I think you bring up a really good point. I've never heard of the 'warm way' or the 'cold way' , so here I am with my morning cup of coffee and I'm already learning something new. I couldn't start my day any better.

I live in the Northern part of the lower peninsula in Michigan. This is a pretty cold region and it's common to get several days of below zero weather in the winter as well as lots of snow. I'm sure you know all about that. 

Anyways, getting back on topic, I built my tbh with side entrances or the 'cold way.' I haven't had any issues with cross-combing. 

In retrospect, I wish I had built my tbh with end entrances so they could utilize the entire 48" rather than having that extra space reserved for splits. Hindsight is 20/20 though and I'll make the necessary changes for the next tbh I build.


----------



## Beethinking (Jun 2, 2008)

Earthchild,

You can still use side entrances and allow them to use the entire 48". Simply move their entrance toward the end rather than in the center. Our hives have two holes toward one end, two holes centered and two holes toward the other end. This way you can start the bees anywhere you'd like!

Cheers,
Matt


----------



## Adam Foster Collins (Nov 4, 2009)

earthchild said:


> ...In retrospect, I wish I had built my tbh with end entrances so they could utilize the entire 48" rather than having that extra space reserved for splits. ...

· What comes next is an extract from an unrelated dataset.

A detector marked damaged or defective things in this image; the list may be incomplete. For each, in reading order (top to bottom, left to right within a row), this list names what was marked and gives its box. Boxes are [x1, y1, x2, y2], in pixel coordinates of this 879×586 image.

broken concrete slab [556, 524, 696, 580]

So with the centered side entrance, the bees don't build in the middle, near the entrance holes?

Adam


----------



## earthchild (Jun 30, 2009)

Adam Foster Collins said:


> So with the centered side entrance, the bees don't build in the middle, near the entrance holes?
> 
> Adam


Sorry for the confusion  They do, indeed, build in the middle. I _started_ the bees directly in the center where the entrances are. Each follower board was on either side of the entrances with 8 bars in between. When it was time to give them more space, I added bars to the right. The idea was that the area to the left of the entrances would be reserved for doing splits, which was why I was worried about running out of room (there was a good foot not being used.) What I ended up doing, thanks to Cacklewack's sound advice, was drilling a hole all the way to the left and then I slid the follower boards and all bars down. Why didn't I think of that? :doh:

I hope I cleared up the confusion. I don't always explain things the way I should


----------



## imcurtis (Feb 21, 2010)

I think cross-combing is a function of stability. But it is much more complicated than that. For example there is this video of someone killing a bee hive that had developed under a gas grill cover. It is a horrible site, absolutely, sad and depressing.

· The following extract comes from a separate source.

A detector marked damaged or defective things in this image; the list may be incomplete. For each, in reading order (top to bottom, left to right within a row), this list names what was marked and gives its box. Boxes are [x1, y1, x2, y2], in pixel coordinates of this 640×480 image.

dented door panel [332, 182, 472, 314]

http://www.youtube.com/watch?v=-iUK7IinCB8&feature=related

But after the fact they open the hive to reveal a large hive, about 7 bars that were mostly straight. And they were built at an off angle to what would appear to be a natural topbar hive. 

In my limited experience I have found that if I place a queen from a package of bees at a right angle to the bars the bees are more likely to build along the bar. If the queen box is twisted they build at a similar angle to the box. I have been successful in straightening the comb but I have also caused comb collapse so it is a risky proposition to try and straighten comb but it can be done. 

My best success has been to add a new topbar between two straight comb. Then the bees build comb to match the ones that are between. Once comb is started straight the bees are most likely to keep it that way.

As I have thought on this and looked at comb that has been build “cross-comb” It appears to me that the bees build for strength and spacing. They do not care if the comb is straight.

I have not seen any official research on this topic but I think someone should.


----------